● TASK GOAL
Once the pictures have been removed, repeat the remainder of the records exactly.

● Collection entries
- - - -
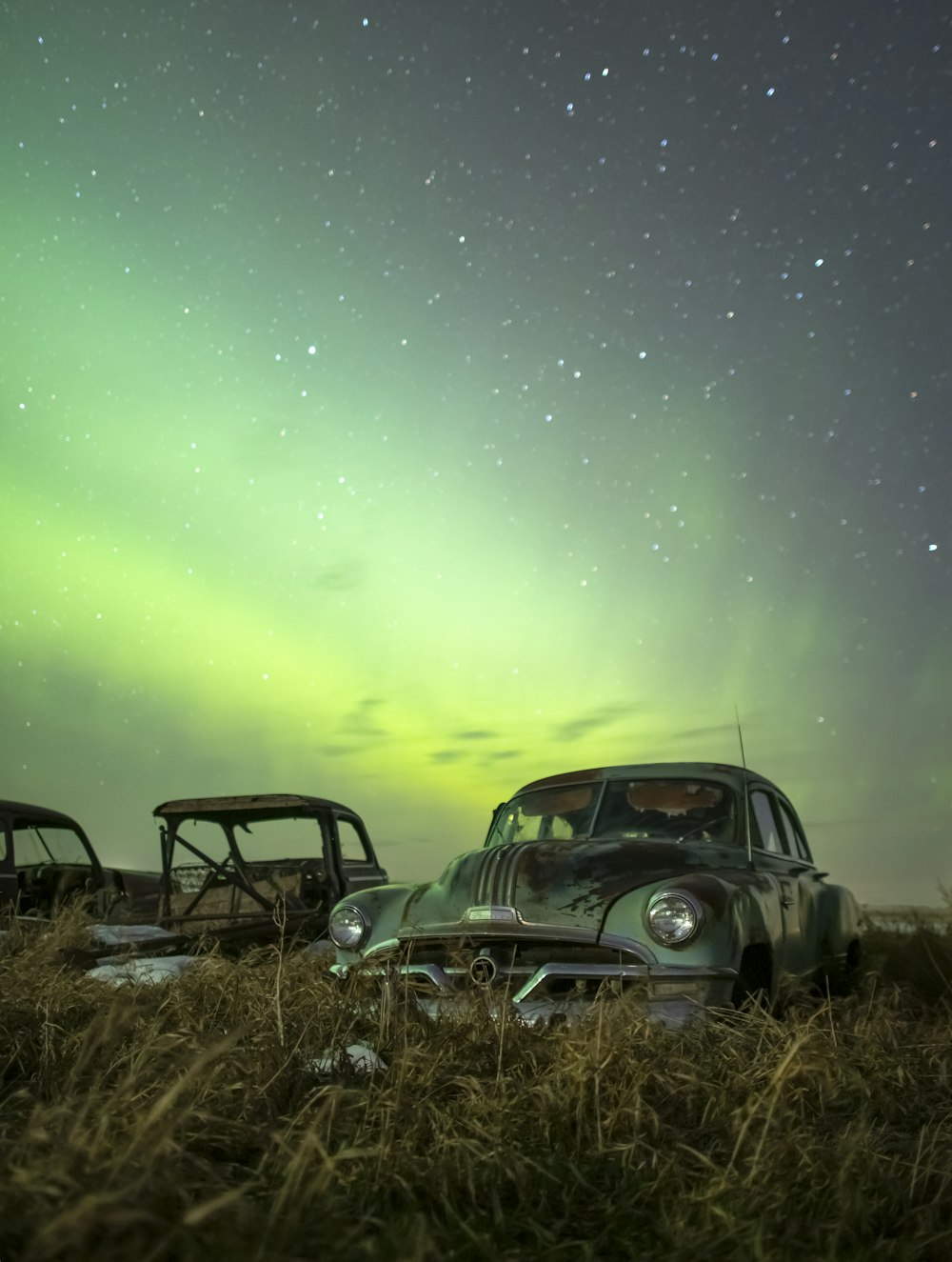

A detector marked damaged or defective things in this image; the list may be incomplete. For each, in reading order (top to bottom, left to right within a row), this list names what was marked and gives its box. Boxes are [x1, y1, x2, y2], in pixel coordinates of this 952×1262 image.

abandoned vintage car [0, 800, 160, 918]
rusted car body [0, 804, 160, 926]
abandoned vintage car [110, 792, 390, 949]
rusted car body [113, 792, 388, 949]
abandoned vintage car [329, 762, 864, 1029]
rusted car body [329, 762, 864, 1029]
- - - -
● ANSWER SPACE
A detector marked damaged or defective things in this image; the list may be incomplete. For each, in reading order (top to bottom, left to right within a row), this list names what was marked and gives its box. Boxes are [x1, y1, x2, y2], in pixel coordinates of this 952×1262 image.

abandoned vintage car [0, 800, 160, 918]
rusted car body [0, 804, 160, 926]
abandoned vintage car [110, 792, 390, 949]
rusted car body [113, 792, 388, 949]
abandoned vintage car [329, 762, 864, 1029]
rusted car body [329, 762, 864, 1029]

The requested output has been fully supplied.